## [Instructions to follow]
Copying starts at the line containing "Gray Corduroy Footstool" and stops after the last line of the records; each line is repeated exactly, and pictures are skipped.

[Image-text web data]
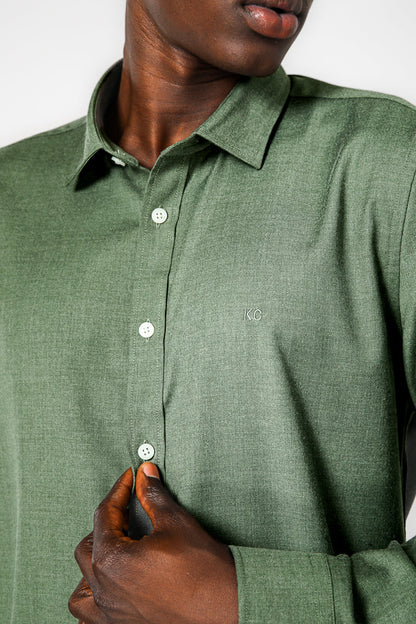 FOREST GREEN-SLIM חולצת במבוק לייקרה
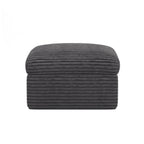 30" Gray Corduroy Footstool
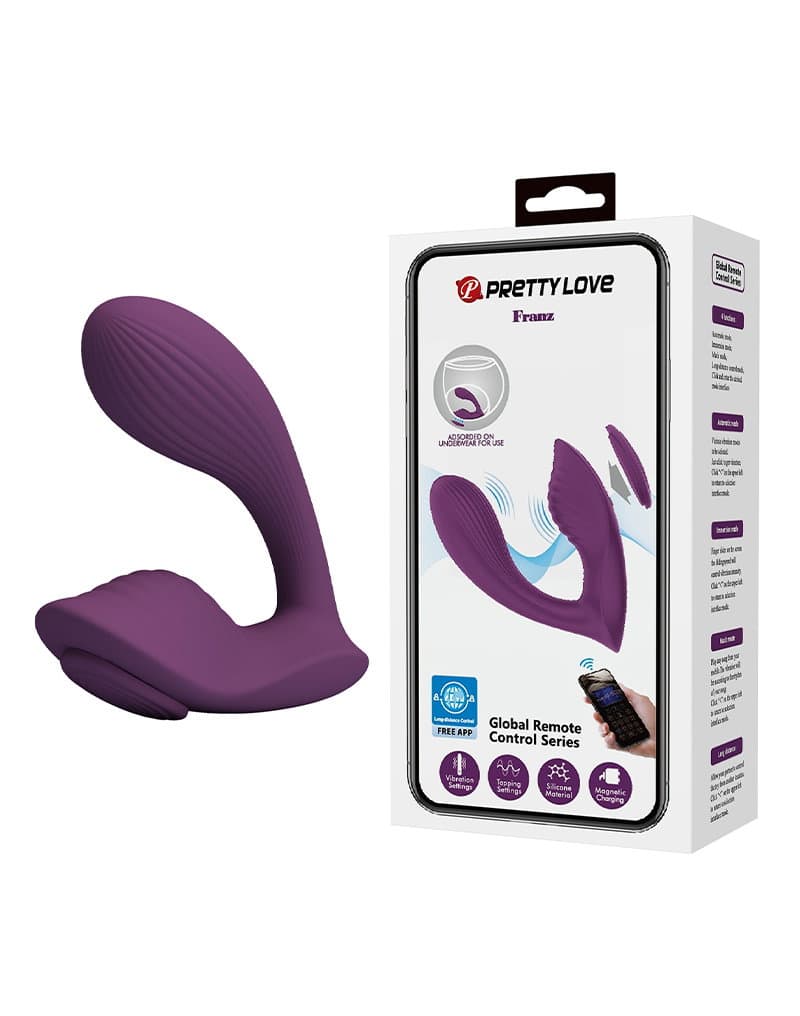PL - Franz - Draagbare vibrator (app-gestuurd) - Bordeauxrood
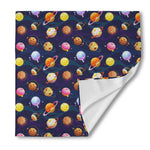 Food Planets Pattern Print Silk Bandana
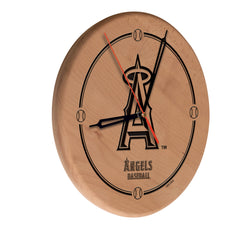 MLB's Los Angeles Angels Laser Engraved Wood Clock from Holland Bar Stool Co, Home Decor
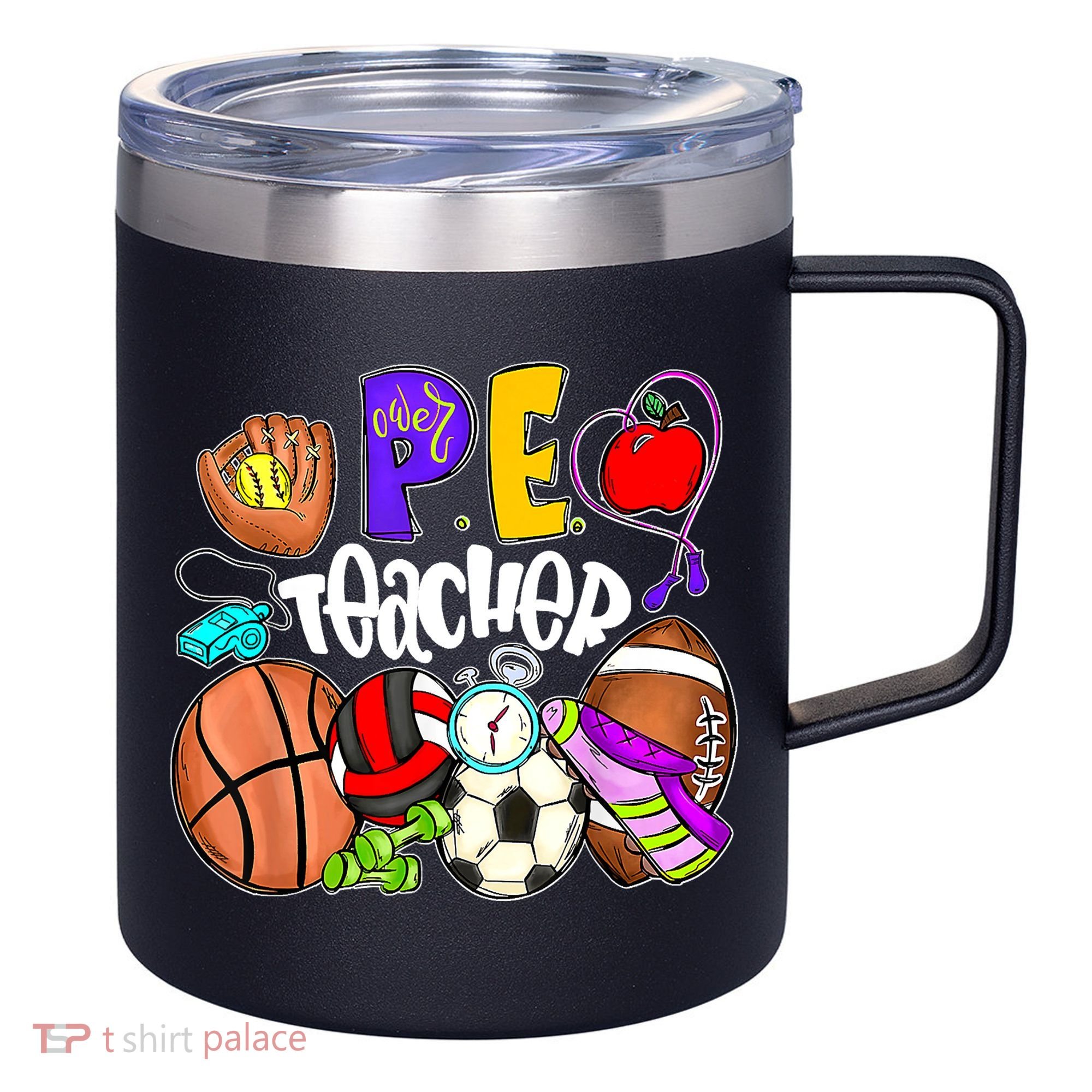 PE Teacher Funny Physical Education Teacher Back To School 12oz Stainless Steel Coffee Mug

## [Response]
 30" Gray Corduroy Footstool
PL - Franz - Draagbare vibrator (app-gestuurd) - Bordeauxrood
 Food Planets Pattern Print Silk Bandana
 MLB's Los Angeles Angels Laser Engraved Wood Clock from Holland Bar Stool Co, Home Decor
 PE Teacher Funny Physical Education Teacher Back To School 12oz Stainless Steel Coffee Mug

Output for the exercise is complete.